Kehadiran kaligrafi yang bernuansa lukis mulai
muncul pertama kali sekitar tahun 1979 dalam ruang lingkup nasional pada
pameran Lukisan Kaligrafi Nasional pertama bersamaan dengan diselenggarakannya
MTQ Nasional XI di Semarang, menyusul pameran pada Muktamar pertama Media Massa
Islam se-Dunia than 1980 di Balai Sidang Jakarta dan Pameran pada MTQ Nasional
XII di Banda Aceh tahun 1981, MTQ Nasional di Yogyakarta tahun 1991, Pameran
Kaligrafi Islam di Balai Budaya Jakarta dalam rangka menyambut Tahun Baru
Hijriyah 1405 (1984) dan pameran lainnya.
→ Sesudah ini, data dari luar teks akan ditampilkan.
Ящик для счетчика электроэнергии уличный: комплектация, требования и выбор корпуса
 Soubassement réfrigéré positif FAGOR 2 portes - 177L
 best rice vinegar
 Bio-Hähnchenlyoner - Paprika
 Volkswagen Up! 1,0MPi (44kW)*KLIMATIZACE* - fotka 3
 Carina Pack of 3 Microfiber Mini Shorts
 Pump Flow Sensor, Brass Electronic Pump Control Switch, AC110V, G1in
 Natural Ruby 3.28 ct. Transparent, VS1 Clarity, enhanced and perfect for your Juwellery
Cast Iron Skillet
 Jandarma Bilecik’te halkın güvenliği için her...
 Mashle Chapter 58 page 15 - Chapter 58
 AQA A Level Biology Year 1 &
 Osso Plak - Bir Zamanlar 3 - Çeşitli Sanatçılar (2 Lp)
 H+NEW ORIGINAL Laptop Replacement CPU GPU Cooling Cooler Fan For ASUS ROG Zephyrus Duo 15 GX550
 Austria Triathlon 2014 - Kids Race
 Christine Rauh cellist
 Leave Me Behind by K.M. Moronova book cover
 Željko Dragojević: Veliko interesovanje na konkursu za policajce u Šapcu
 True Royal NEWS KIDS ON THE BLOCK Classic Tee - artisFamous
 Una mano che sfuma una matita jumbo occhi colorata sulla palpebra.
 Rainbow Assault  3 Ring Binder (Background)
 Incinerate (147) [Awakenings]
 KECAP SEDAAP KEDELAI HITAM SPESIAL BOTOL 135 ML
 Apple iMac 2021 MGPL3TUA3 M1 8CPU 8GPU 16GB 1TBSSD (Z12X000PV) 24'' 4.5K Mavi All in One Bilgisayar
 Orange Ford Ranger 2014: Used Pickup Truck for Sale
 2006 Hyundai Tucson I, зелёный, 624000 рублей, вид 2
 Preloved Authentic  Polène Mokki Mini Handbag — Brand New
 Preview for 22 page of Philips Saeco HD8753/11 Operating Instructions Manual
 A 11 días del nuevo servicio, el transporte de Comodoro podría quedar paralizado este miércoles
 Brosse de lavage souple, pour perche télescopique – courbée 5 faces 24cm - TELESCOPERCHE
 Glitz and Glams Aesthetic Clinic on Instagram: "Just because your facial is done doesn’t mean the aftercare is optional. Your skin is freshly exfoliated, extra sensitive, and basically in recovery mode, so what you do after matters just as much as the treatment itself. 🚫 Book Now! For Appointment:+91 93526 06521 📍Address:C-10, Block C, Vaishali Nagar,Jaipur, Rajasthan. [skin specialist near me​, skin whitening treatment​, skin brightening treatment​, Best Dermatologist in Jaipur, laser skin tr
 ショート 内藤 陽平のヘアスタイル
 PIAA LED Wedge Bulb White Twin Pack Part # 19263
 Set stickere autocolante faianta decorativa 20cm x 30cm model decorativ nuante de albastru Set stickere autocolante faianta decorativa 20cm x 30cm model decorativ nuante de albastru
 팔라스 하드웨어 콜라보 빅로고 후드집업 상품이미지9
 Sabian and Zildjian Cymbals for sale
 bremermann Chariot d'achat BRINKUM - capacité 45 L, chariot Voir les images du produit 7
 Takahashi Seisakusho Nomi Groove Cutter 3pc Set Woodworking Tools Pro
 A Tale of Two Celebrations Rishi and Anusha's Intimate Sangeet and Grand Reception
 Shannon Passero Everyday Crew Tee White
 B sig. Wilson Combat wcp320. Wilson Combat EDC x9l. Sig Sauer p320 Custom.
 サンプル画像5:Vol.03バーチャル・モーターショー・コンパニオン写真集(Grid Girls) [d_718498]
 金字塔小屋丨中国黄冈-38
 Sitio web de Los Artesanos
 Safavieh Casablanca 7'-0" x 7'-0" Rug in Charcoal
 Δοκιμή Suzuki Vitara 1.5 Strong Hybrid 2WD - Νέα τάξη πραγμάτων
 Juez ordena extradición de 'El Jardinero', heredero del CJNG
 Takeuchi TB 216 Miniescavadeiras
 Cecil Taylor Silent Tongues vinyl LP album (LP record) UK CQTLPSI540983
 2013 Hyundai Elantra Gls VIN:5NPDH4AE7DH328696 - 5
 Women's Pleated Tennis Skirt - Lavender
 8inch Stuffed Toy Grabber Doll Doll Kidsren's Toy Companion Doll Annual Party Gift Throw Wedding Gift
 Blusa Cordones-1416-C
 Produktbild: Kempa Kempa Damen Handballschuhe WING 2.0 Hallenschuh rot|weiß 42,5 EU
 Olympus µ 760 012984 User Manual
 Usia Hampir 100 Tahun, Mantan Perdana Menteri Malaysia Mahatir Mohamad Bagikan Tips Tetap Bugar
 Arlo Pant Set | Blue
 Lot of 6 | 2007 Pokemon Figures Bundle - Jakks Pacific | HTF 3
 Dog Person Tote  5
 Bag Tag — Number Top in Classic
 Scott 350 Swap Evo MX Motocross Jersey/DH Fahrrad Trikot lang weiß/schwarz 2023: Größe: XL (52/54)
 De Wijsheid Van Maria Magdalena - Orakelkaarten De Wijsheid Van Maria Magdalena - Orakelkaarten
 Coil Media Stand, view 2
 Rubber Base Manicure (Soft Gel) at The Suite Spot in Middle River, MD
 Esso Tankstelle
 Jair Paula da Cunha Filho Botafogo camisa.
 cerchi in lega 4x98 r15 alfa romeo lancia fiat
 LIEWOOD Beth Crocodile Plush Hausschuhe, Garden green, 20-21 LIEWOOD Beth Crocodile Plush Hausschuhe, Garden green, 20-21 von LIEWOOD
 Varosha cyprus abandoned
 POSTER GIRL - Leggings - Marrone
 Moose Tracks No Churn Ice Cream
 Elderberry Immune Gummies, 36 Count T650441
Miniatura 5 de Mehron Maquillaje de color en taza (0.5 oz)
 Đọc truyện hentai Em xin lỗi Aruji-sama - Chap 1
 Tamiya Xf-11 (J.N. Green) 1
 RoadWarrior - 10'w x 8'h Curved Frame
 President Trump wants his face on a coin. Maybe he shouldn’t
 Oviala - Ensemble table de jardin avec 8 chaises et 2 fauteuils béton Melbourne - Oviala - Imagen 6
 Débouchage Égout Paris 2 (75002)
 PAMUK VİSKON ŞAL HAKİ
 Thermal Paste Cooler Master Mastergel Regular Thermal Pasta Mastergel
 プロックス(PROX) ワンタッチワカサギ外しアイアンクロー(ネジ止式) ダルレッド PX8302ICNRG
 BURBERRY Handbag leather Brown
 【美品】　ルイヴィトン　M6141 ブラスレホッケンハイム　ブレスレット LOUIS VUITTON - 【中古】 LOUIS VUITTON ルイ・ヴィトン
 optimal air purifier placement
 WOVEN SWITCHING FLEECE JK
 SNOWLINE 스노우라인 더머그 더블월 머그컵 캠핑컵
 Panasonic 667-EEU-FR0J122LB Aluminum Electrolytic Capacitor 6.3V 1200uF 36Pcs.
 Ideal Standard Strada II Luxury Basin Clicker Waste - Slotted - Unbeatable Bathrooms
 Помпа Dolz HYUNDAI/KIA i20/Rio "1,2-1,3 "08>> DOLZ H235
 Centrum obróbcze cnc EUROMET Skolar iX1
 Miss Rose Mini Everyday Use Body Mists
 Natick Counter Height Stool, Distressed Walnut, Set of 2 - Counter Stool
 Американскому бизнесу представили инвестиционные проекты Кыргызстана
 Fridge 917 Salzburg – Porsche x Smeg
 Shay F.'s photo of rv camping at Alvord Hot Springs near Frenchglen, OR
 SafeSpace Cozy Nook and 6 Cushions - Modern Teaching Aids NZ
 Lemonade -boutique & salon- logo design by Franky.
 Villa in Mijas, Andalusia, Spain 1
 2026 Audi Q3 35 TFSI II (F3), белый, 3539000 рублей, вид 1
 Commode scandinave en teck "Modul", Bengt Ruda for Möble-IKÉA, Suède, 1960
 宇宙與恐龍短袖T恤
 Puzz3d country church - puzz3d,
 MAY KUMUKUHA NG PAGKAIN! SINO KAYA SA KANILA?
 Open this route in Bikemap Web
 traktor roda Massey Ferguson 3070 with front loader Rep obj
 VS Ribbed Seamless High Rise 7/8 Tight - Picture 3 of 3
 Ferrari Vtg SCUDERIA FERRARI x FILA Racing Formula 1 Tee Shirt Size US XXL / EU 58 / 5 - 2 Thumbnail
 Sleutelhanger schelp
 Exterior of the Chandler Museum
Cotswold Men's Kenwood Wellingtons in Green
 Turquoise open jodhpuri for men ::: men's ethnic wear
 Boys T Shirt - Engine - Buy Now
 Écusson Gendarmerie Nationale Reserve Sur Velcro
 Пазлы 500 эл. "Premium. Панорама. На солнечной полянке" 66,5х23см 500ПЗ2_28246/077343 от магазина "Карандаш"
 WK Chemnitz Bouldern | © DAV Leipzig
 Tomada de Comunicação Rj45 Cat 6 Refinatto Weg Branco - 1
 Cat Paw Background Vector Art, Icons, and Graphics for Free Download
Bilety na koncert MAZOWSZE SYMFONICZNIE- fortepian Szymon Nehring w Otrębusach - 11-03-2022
Para pelukis yang mempelpori kaligrafi lukis
adalah Prof. Ahmad Sadali (Bandung asal Garut), Prof. AD. Pirous (Bandung, asal
Aceh), Drs. H. Amri Yahya (Yogyakarta, asal Palembang), dan H. Amang Rahman
(Surabaya), dilanjutkan oleh angkatan muda seperti Saiful Adnan, Hatta Hambali,
Hendra Buana dan lain-lain. Mereka hadir dengan membawa pembaharuan
bentuk-bentuk huruf dengan dasar-dasar anatomi yang menjauhkannya dari
kaedah-kaedah aslinya, atau menawarkan pola baru dalam tata cara mendesain
huruf-huruf yang berlainan dari pola yang telah dibakukan. Kehadiran seni lukis
kaligrafi tidak urung mendapat berbagai tanggapan dan reaksi, bahkan reaksi itu
seringkali keras dan menjurus pada pernyataan perang. Namun apapun hasil dari
reaksi tersebut, kehadiran seni lukis kaligrafi dianggap para khattat sendiri
membawa banyak hikmah, antara lain menimbulkan kesadaran akan kelemahan para
khattat selama ini, kurang wawasan teknik, kurang mengenal ragam-ragam media
dan terlalu lama terisolasi dari penampilan di muka khalayak. Kekurangan
mencolok para khattat, setelah melihat para pelukis mengolah karya mereka
adalah kelemahan tentang melihat bahasa rupa yang ternyata lebih atau hanya
dimiliki para pelukis.
Perkembangan lain dari kaligrafi di Indonesia
adalah dimasukkan seni ini menjadi salah satu cabang yang dilombakan dalam even
MTQ. Pada awalnya dipicu oleh sayembara kaligrafi pada MTQ Nasional XII 1981 di
Banda Aceh dan MTQ Nasional XIII di Padang 1983. Sayembara tersebut pada
akhirnya dipandang kurang memuaskan karena sistemnya adalah mengirimkan hasil
karya khat langsung kepada panitia MTQ, sedangkan penulisannya di tempat
masing-masing peserta. MTQ Nasional XIV di Pontianak meniadakan sayembara dan
MTQ tahun selanjutnya kaligrafi dilombakan di tempat MTQ.